■ Web page caption snippets
•••••

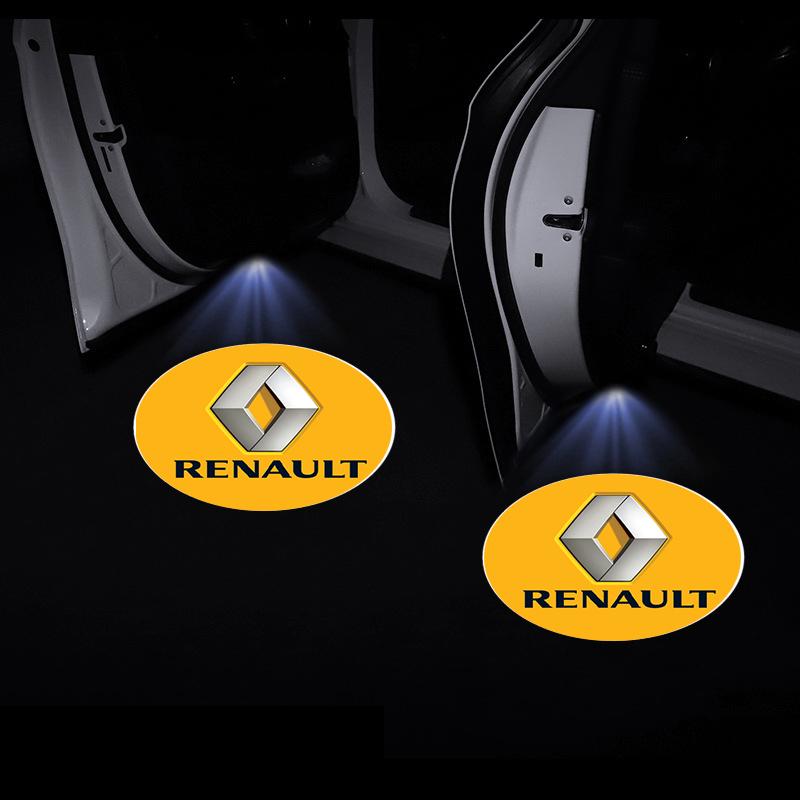 2Pcs Car Door Projector Lamps Emblem LED Welcome Light For Renault Dacia Sport Duster Megane 2 3 4 IV Clio Fluence Logan Captur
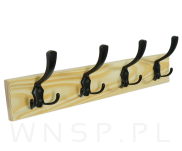 Wieszak ścienny na ubrania, z 4 haczykami, surowy - 3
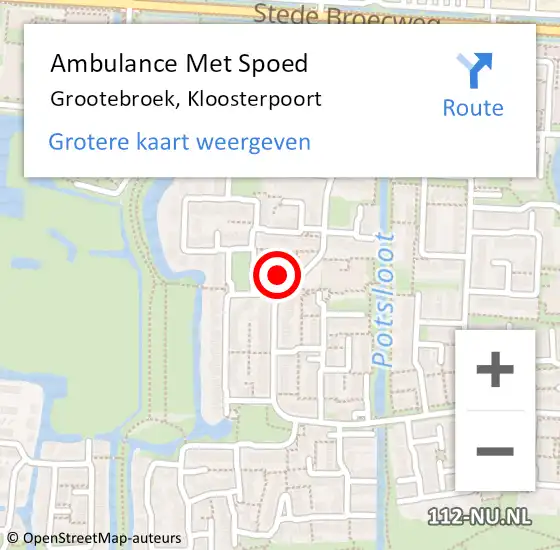 Locatie op kaart van de 112 melding: Ambulance Met Spoed Naar Grootebroek, Kloosterpoort op 28 augustus 2022 09:16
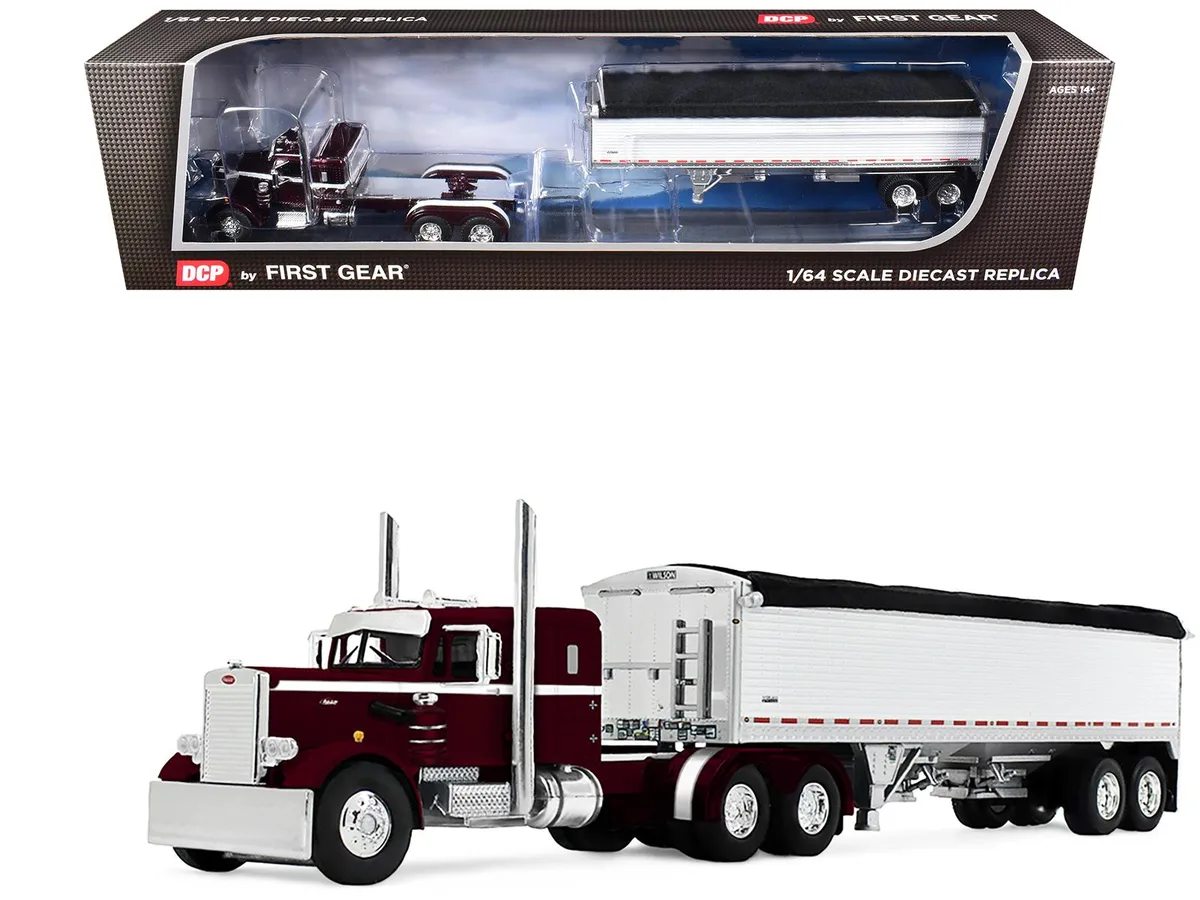 First Gear First Gear Peterbilt 351 36" Sleeper &amp; 34' Wilson Trailer Dark Cherry 1/64 Diecast — product photo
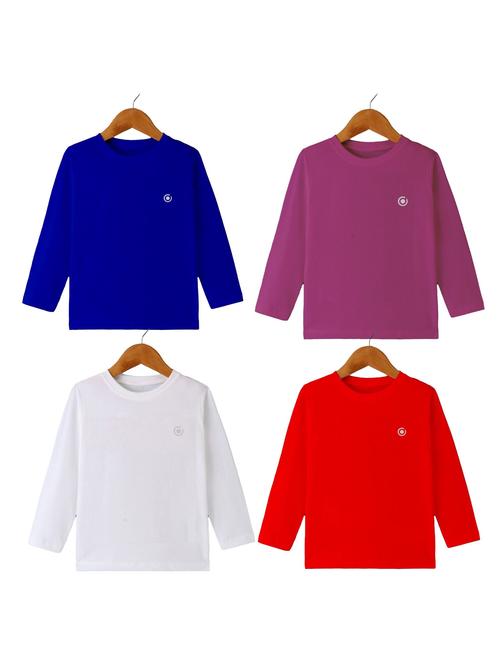 boys pack of 4 plain round neck long sleeve t-shirts - 21589967 - Very Small Image - 1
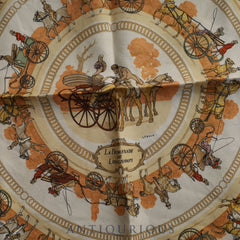 Hermès Carré 45 Scarf, Walk to Longchamp, 100% Silk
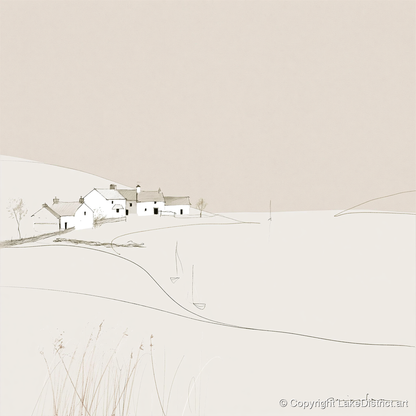 Minimalist White Lakeside Village - lake district village art print and canvas by Ellis Calder A.I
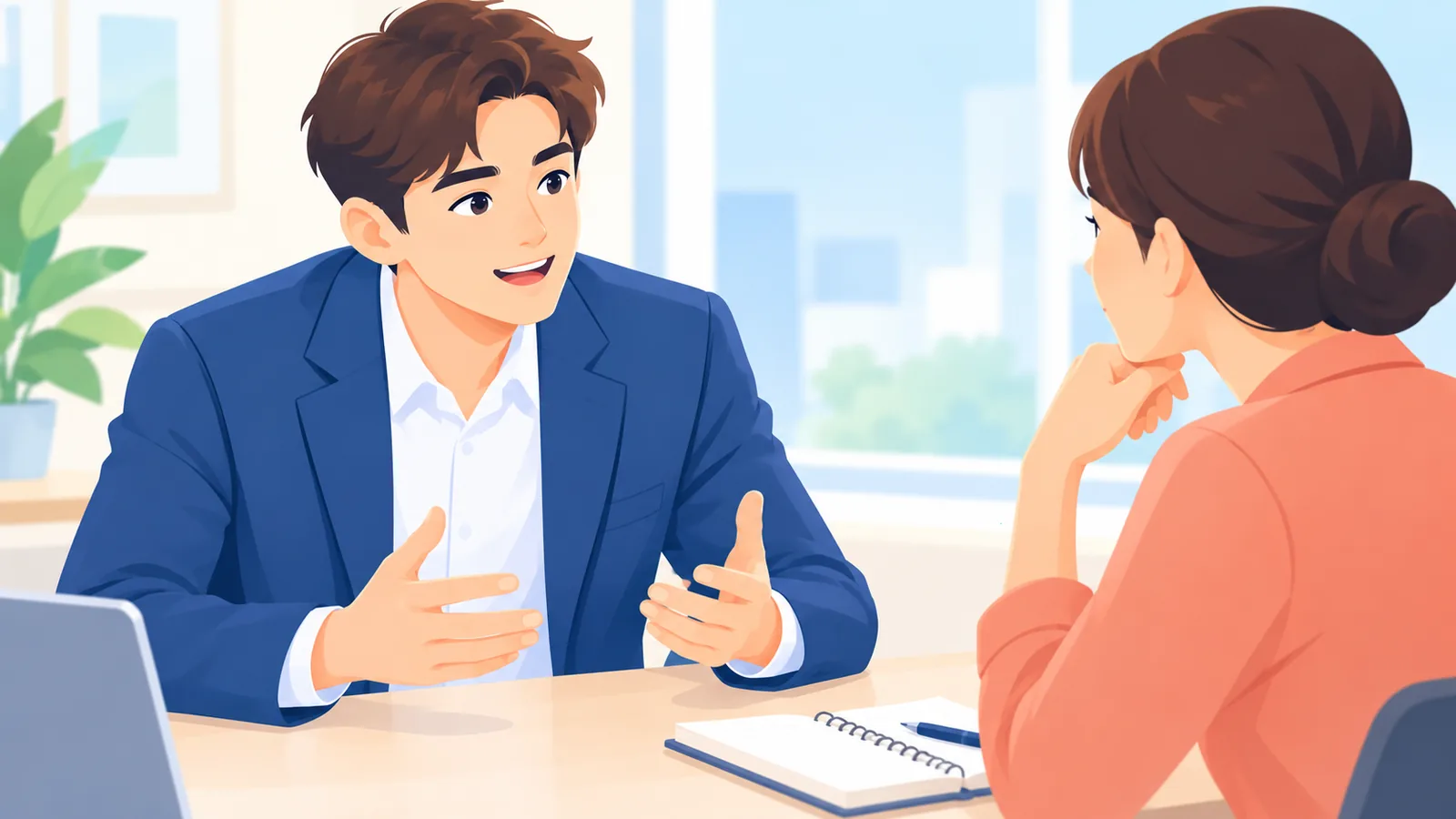 Hai người trao đổi tại bàn họp về thời điểm đề cập lương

•••••

■ AIM OF THE EXERCISE
The entries above are to be copied exactly, with every picture left out.

■ EXERCISE RESULT
 2Pcs Car Door Projector Lamps Emblem LED Welcome Light For Renault Dacia Sport Duster Megane 2 3 4 IV Clio Fluence Logan Captur
 Wieszak ścienny na ubrania, z 4 haczykami, surowy - 3
 Locatie op kaart van de 112 melding: Ambulance Met Spoed Naar Grootebroek, Kloosterpoort op 28 augustus 2022 09:16
 First Gear First Gear Peterbilt 351 36" Sleeper &amp; 34' Wilson Trailer Dark Cherry 1/64 Diecast — product photo
 boys pack of 4 plain round neck long sleeve t-shirts - 21589967 - Very Small Image - 1
 Hermès Carré 45 Scarf, Walk to Longchamp, 100% Silk
 Minimalist White Lakeside Village - lake district village art print and canvas by Ellis Calder A.I
 Hai người trao đổi tại bàn họp về thời điểm đề cập lương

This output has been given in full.